MEMPHIS, Tenn. — One of the last people to make eye-to-eye contact with the man allegedly behind a mass shooting in Memphis said he is thankful to have walked away alive.
Demetrick Porter was at a gas station in Southaven when he came face-to-face with Ezekiel Kelly, moments before Kelly was captured by police after a string of shootings that killed four and injured three Wednesday night.
“I am still kinda shaken up and shocked,” Porter said. “I was just glad he didn’t shoot.”
It was the height of hysteria Wednesday as a gunman was on the move, stealing cars, shooting people and raining down terror on the city of Memphis.
Porter was at a Raceway station in Southaven around 8 p.m. that night, filling up his tank. He was aware of what had been going on in Memphis and even watching the suspect on Facebook Live.
“Somebody is just killing people out here. I mean, I was on point. I was focused, like prepared like, I just didn’t feel like he was gonna come to Mississippi,” he said.
And he didn’t know he was about to come face to face with the man police were looking for until a gray car pulled up beside him at the gas pump. He remembered it as a Hyundai, although police say it was a Toyota.
Porter said the driver pulled up very close to his Challenger on the passenger side. He said he could tell the man wasn’t there to get gas.
“He cracked the window and he approached me by saying, ‘Hey do you have percs?’” Porter said. “He was just like, loud. You know in public, asking me do I have percs or anything like that. Which I don’t, I don’t sell drugs.”
Porter says he looked in Kelly’s eyes and knew who he was dealing with.
“I mean, I was so shocked. … My heart just dropped, you know. And I just tried to run around things where he couldn’t hardly see me or get an aim or shoot at me, because I was afraid that he was going to start going back crazy because I recognized him,” he said.
Porter ran in the other direction. When he looked back, he saw Kelly ditch the gray Toyota he had been in, jump in Porter’s Dodge Challenger and speed off.
Porter went inside and told a police officer that the man they were looking for had just stolen his car. A nearby officer heard the alert about Kelly being in a Dodge Challenger on Stateline Road.
The police report says the officer saw the vehicle speed onto I-55 going north toward Tennessee. The officer tried to catch Kelly but lost him near the Tennessee Welcome Center.
But by then more officers were in pursuit and within minutes, Porter’s stolen car crashed and Kelly was caught.
Now, two days after the mayhem and after learning how much terror was inflicted, Porter is counting his blessings.

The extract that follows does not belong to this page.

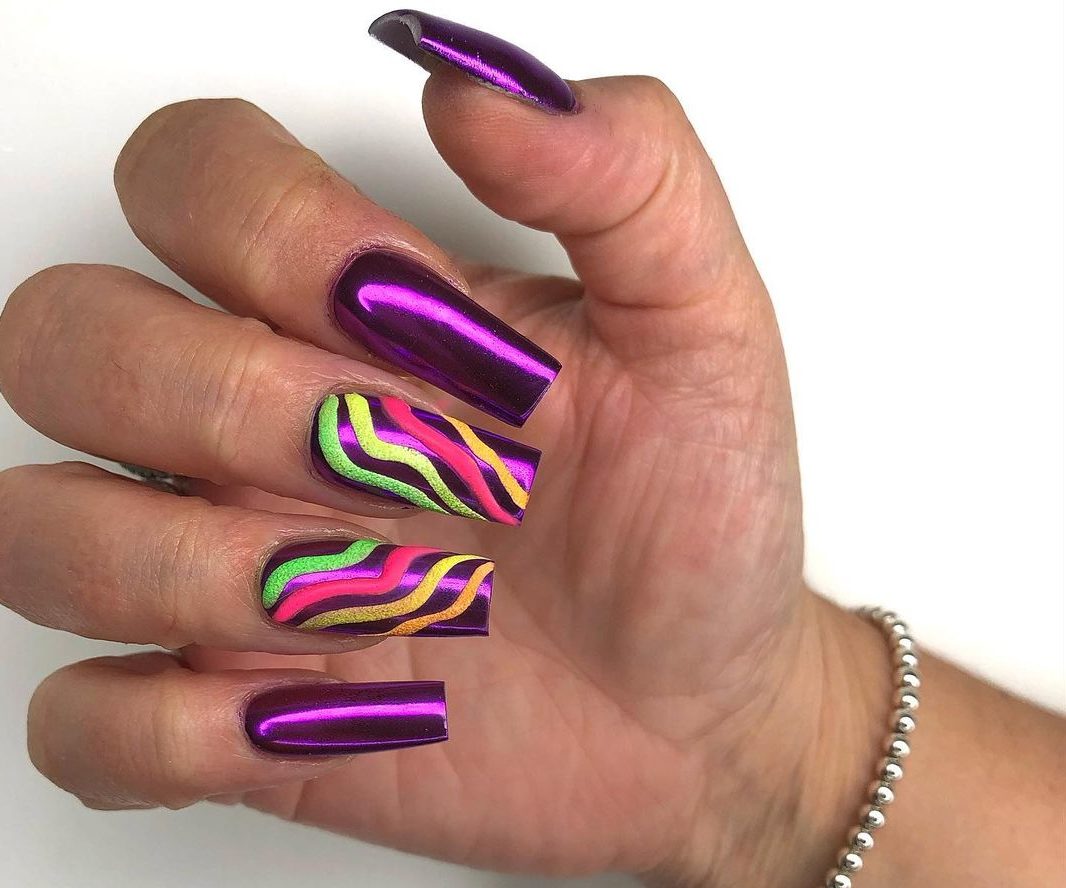 Трендовый маникюр на лето 2021: в моду вернулось сияющее хромовое покрытие - today.ua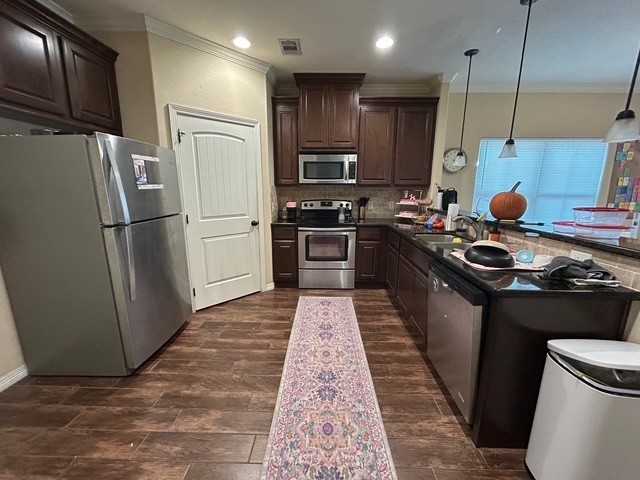 225 Sterling St - Photo 5 of 31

“I was afraid my life could have been gone. He could have pulled up and not said anything and start to shooting at me just like he did all those other people,” he said.
The thought still haunts him and makes him nervous in some public places, knowing a suspected killer had him in sight.
“I think God had his arms around me at the time. I am one of his angels. I am just thankful,” he said.
Porter’s car was totaled and is now a part of the crime investigation. He also had two loaded weapons in his vehicle when it was stolen. Police located those guns after the car crashed.